It was a dead end or lie
「意識…は、正常だけど…。栄養失調だから、少しずつ食べていく練習をしようか」
「……は、い」
「それじゃあ、また明日」
「あ……」
「ありがとうございました」
医師が去って行く。お礼を喉に詰まらせたわたしの変わりに、黒子さんが答えてくれた。綺麗なお辞儀がドアが閉まるまで保たれていた。トン、と閉まる音が室内に響けば、彼は顔を上げて椅子に座り直す。
「体調は大丈夫ですか?」
「あ、はい。平気、だと?思います?」
首を傾げて答えると、黒子さんは苦笑した。「 自分の事なのに 」と彼は笑うが、わたしにとってこれは自分なのだろうかと不思議なのだ。感覚はするが、身体と心が離別している気がしてならない。合わないのだ、違和感がありすぎて、気持ちが悪い。
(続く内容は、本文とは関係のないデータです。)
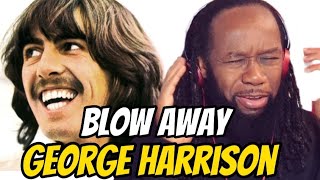 He was so talented! GEORGE HARRISON Blow away REACTION - first time hearing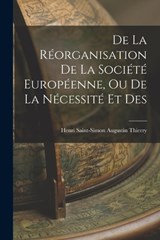 De la Réorganisation De La Société Européenne, Ou De La Nécessité Et Des - Henri Saint-Simon Augustin Thierry - 9781016653954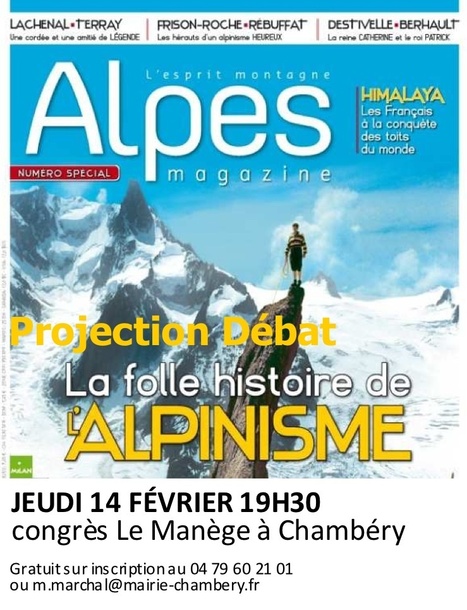 Chambéry, fenêtre sur le monde : "Au Manège, la folle histoire de l'Alpinisme | Ce monde à inventer ! | Scoop.it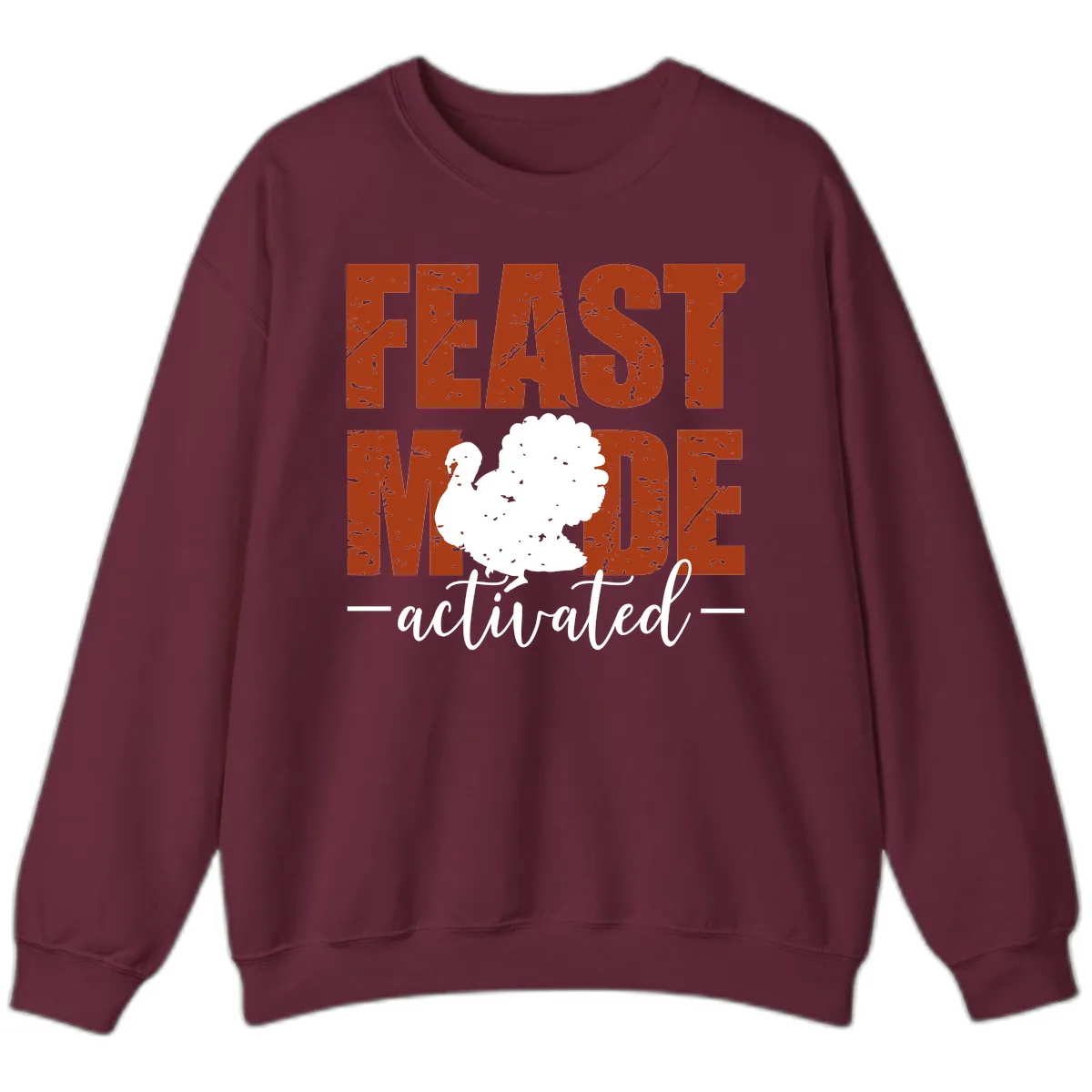 Feast Mode Activated Turkey Design Sweatshirt in Maroon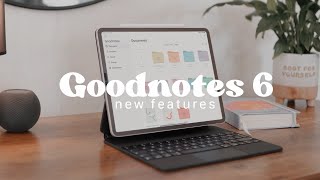 ️ Goodnotes 6 New Features: Is it worth the upgrade?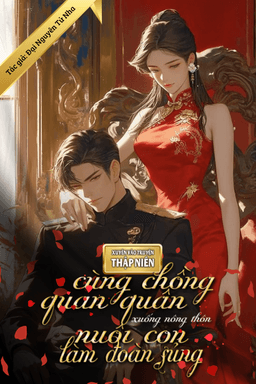 Xuyên Vào Truyện Thập Niên, Cùng Chồng Quan Quân Xuống Nông Thôn Nuôi Con Làm Đoàn Sủng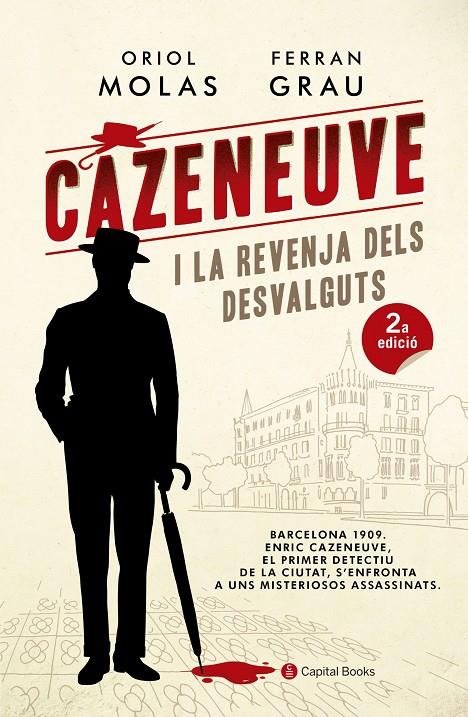 Cazeneuve i la revenja dels devalguts | 9788494677779 | Oriol Molas i Ferran Grau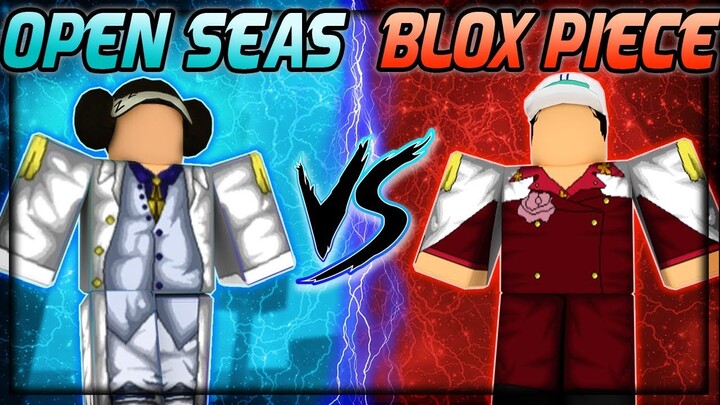 What's Better, Blox Piece or One Piece Open Seas?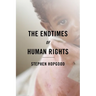 The Endtimes of Human Rights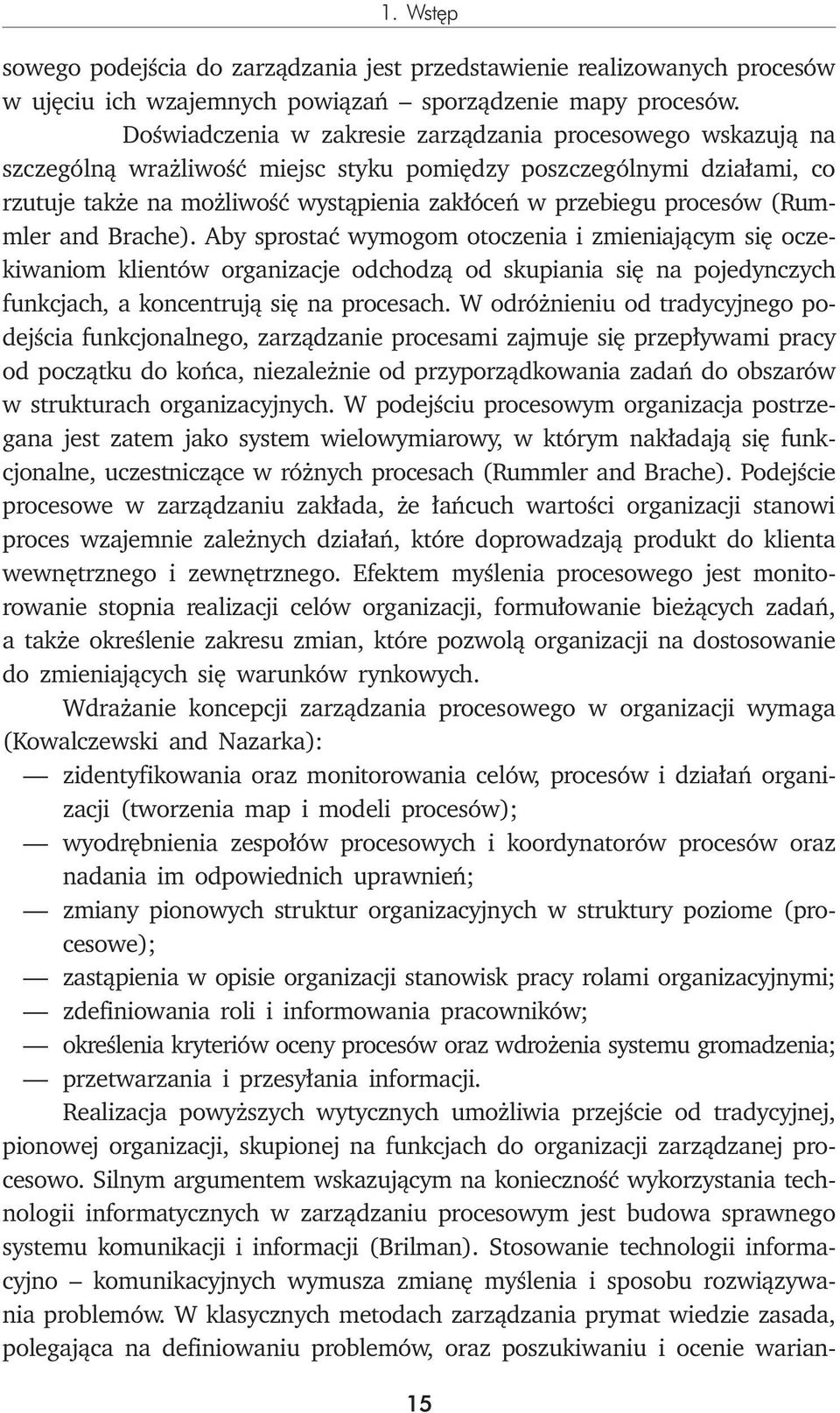 procesów (Rummler and Brache). Aby sprostać wymogom otoczenia i zmieniającym się oczekiwaniom klientów organizacje odchodzą od skupiania się na pojedynczych funkcjach, a koncentrują się na procesach.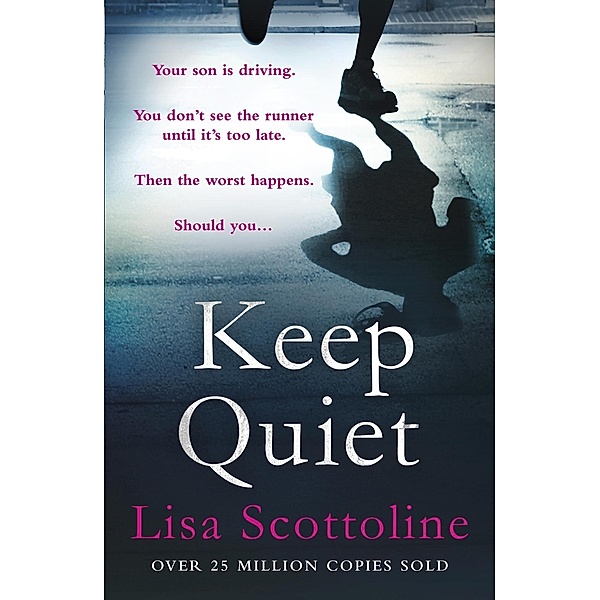 Keep Quiet, Lisa Scottoline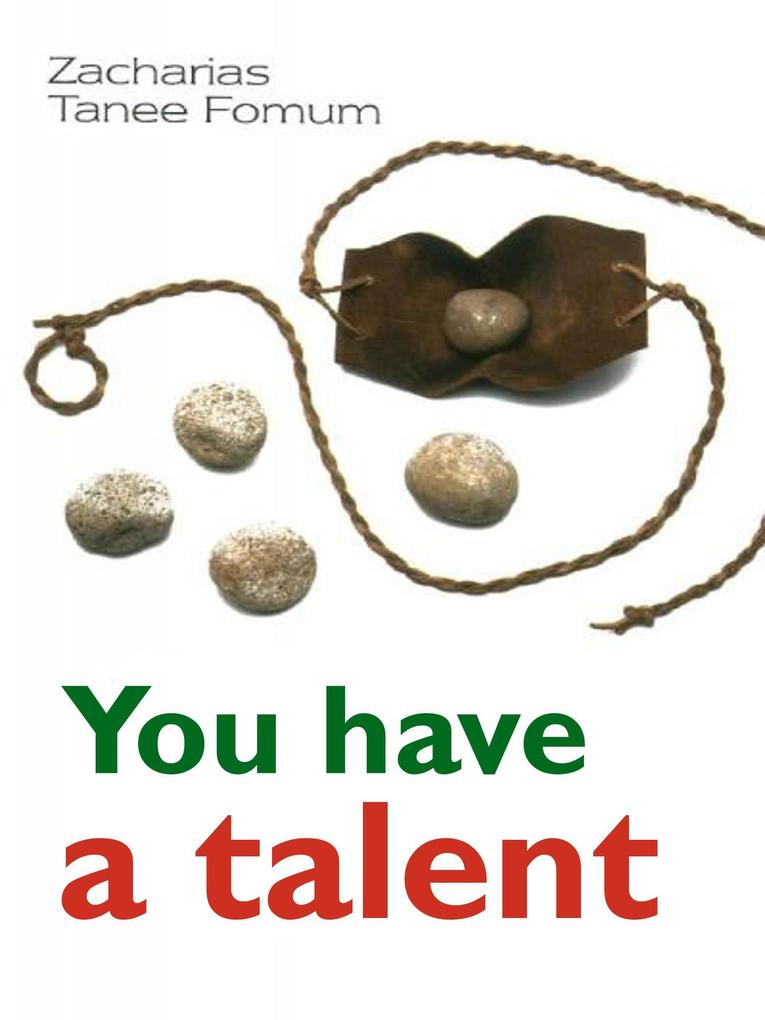 You Have a Talent! (Practical Helps For The Overcomers #19)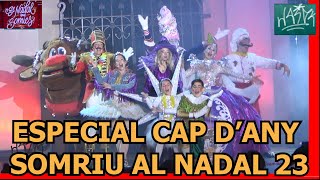 Especial Cap dAny 2023  Somriu Al Nadal  31 de desembre de 2023 [upl. by Anaela]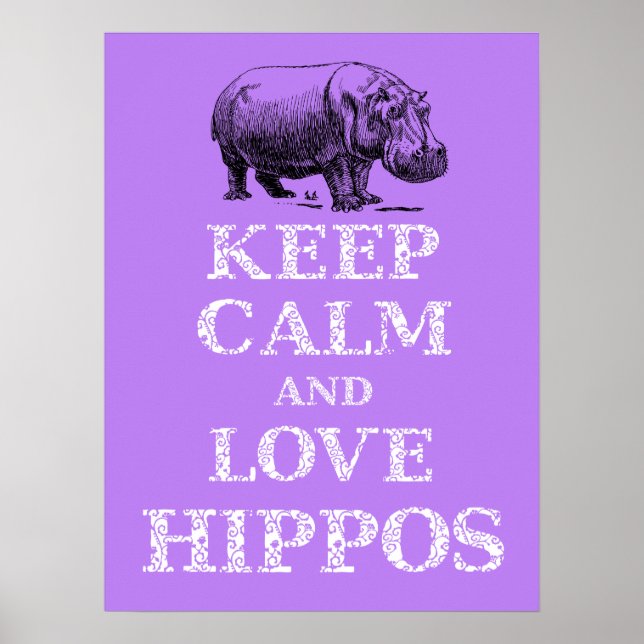 Keep Calm and Love Hippos Hippotamus poster design (Front)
自分の生気の感じられない肌の白さと細さを眺めていたら、黒子さんがその手に重ねてくれた。温かなぬくもりに、少しだけ気持ち悪さが収まった。
「君は、恙御果杞、さんでいいんですよね?」
「…はい。そうです」
「君の話を仮定すると、ドッペルゲンガーの証明が出来ますね」
「……ああ、そうかも」
中々、ユニークな発想に納得するわたし。そんなわたしの様子を眺めながら、彼は話を元に戻した。
「君の世界とこちらの世界での、キミという存在は、変わらないけれど、周囲の人間だけが違う…。そして、君の世界で、君は、亡くなった、で、概要は合ってますか?」
「お、お見事です……」
思わず、拍手すると黒子さんはまた笑う。笑うと言っても表情を少しだけ緩める、といった日本語の方が合っているかな。
「僕からすると、あなたの方が凄いですよ」
「?」
「自分から“死んでる”なんて、大抵の人は言えないと思います」
「それも…、そうですね」
何故、ここまで落ち着いているのだろう、わたし?生きているから?今、知らない、というか、わたしと同じ名前で同じ人物の人の身体が生きているから?自分の身体が朽ちても意識があるから?わからない……ほんとっ、自分の事なのに、わからない。
感覚を確かめるために、黒子さんの手を握ってみた。すると、彼は意図がわかったているかのように、同じ力だけ握り返してくれた。
「僕のことは呼び捨てで構いませんよ?それに、あなたの方が年上ですから、敬語も外してください」
「そうだった、ね。とても、高校生には見えない程の落ち着き払っているからなんとなく、敬語を使っちゃったけど…でも、ごめん。ちょっと、待って」
慣れないのだ。黒子さんを黒子と呼び捨てにするのには、抵抗があるのだ。この世界のカノジョにとって黒子さんは知り合いだけど、わたしにとっては赤の他人なのだから…。
息をゆっくり吐き出していると、黒子さんは、少しだけ眉を寄せて複雑そうな表情をする。何かを言うことを悩んで、想い留まっているように窺える。だけど、わたしに視線を合わせると、意を決したように口を開けた。
「驚かないで聞いてください……、こちらの世界のキミという存在も、実は、亡くなっているんです」
「……」
言葉を失う、という日本語の意味を始めて知った。